WHAT YOU WILL DO: Only the text belongs in the answer: every line of the records below, transcribed exactly.

INPUT DATA:
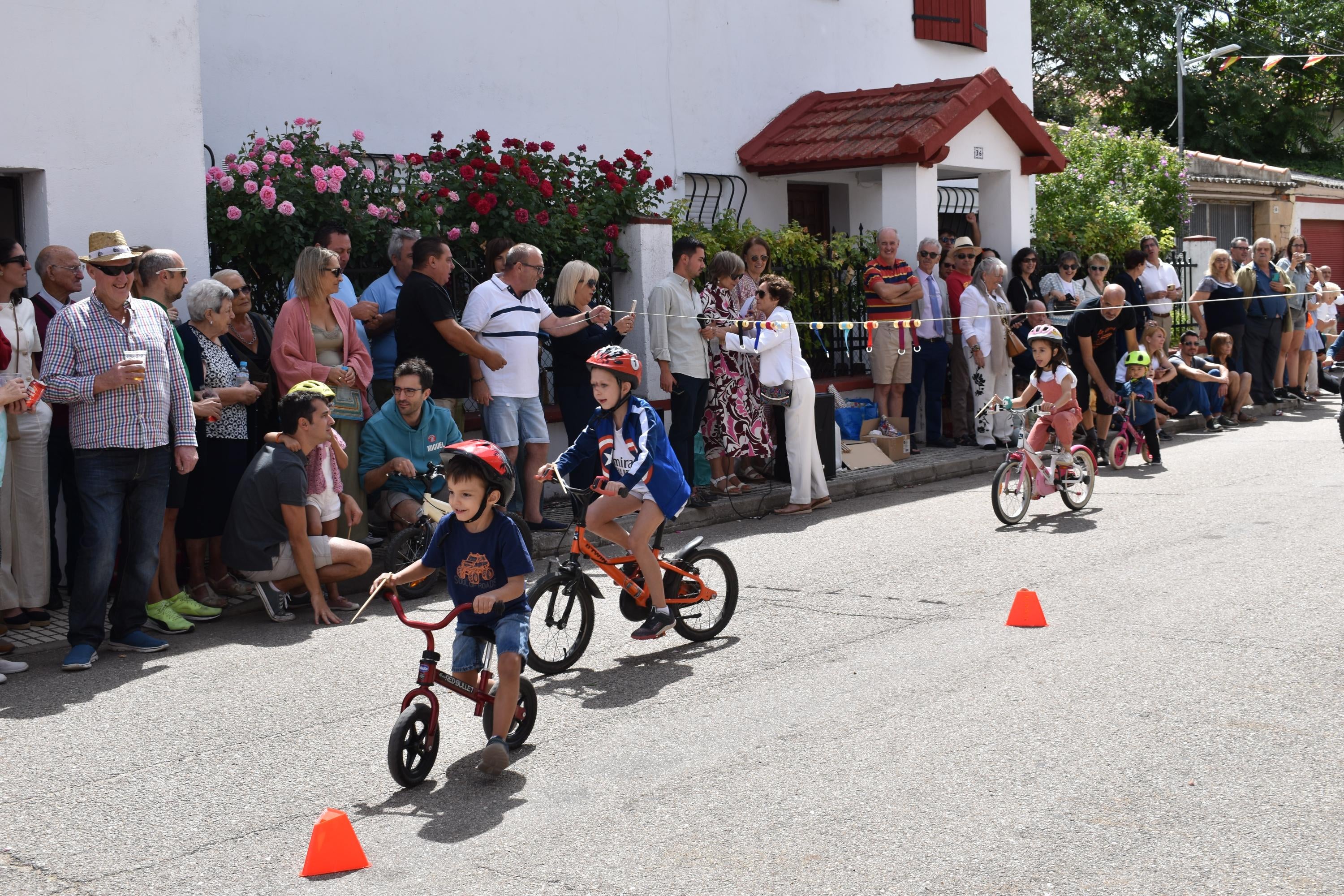 Diversión sin límites con la carrera de cintas en La Vellés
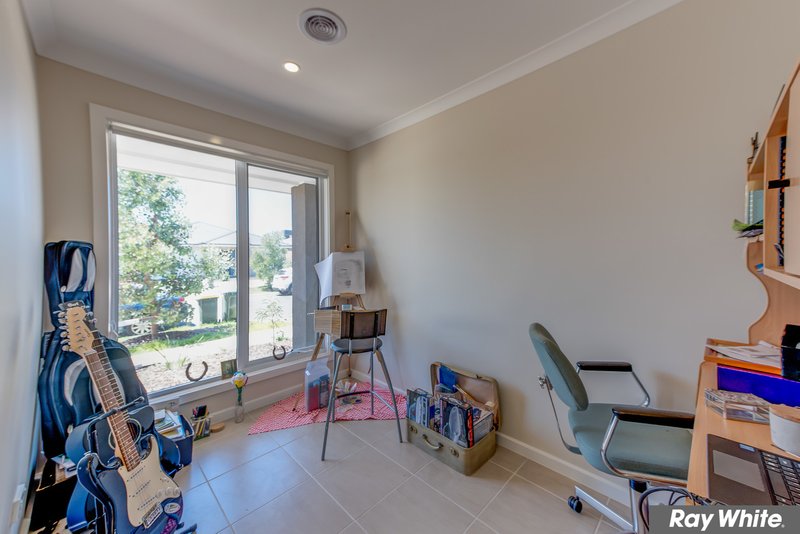 Photo - 10 Yaleri Rise, Werribee VIC 3030 - Image 6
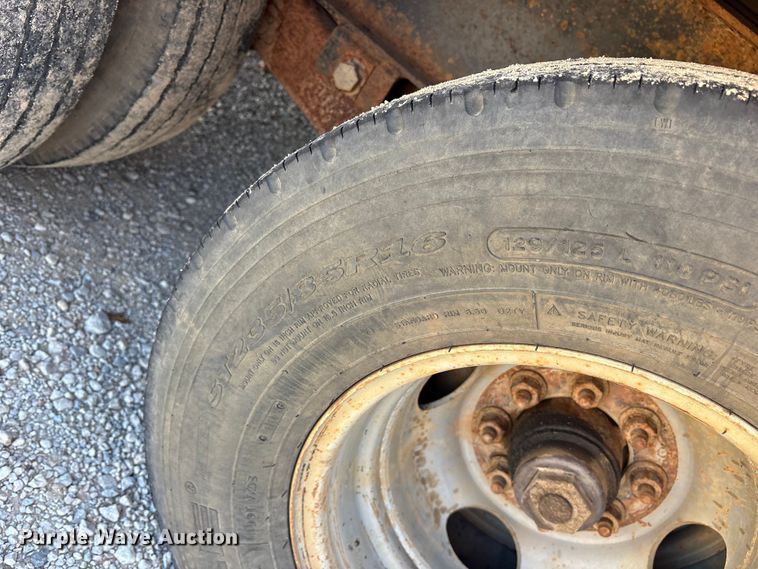 image for item ET7312 2011 Top Hat OTWG32X8.5-22.5E-F equipment trailer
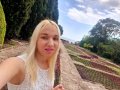 Пак цирк: Емили Тротинетката е опитала да се самоубие?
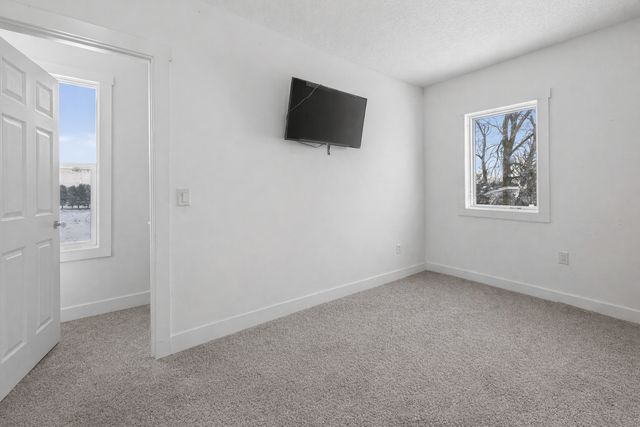 3724 345th Avenue NE, Cambridge, MN 55008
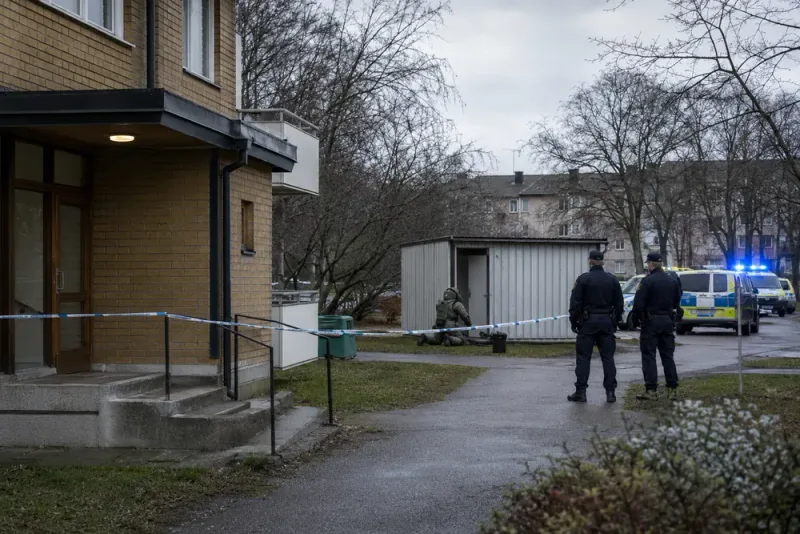Bombskydd kallades efter fynd i Märsta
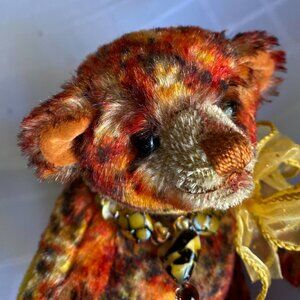 Sue B. Bears - Hand Made Original "Patience" One-of-a-Kind by Susan Johnson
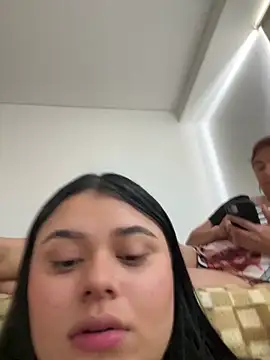 alissonfernandez  online show from 02.15.25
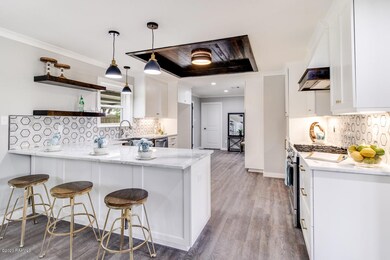 Eat-n Kitchen w/ Wood Pop-up Ceiling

FINAL ANSWER:
 Diversión sin límites con la carrera de cintas en La Vellés
 Photo - 10 Yaleri Rise, Werribee VIC 3030 - Image 6
 image for item ET7312 2011 Top Hat OTWG32X8.5-22.5E-F equipment trailer
 Пак цирк: Емили Тротинетката е опитала да се самоубие?
 3724 345th Avenue NE, Cambridge, MN 55008
Bombskydd kallades efter fynd i Märsta
 Sue B. Bears - Hand Made Original "Patience" One-of-a-Kind by Susan Johnson
 alissonfernandez  online show from 02.15.25
 Eat-n Kitchen w/ Wood Pop-up Ceiling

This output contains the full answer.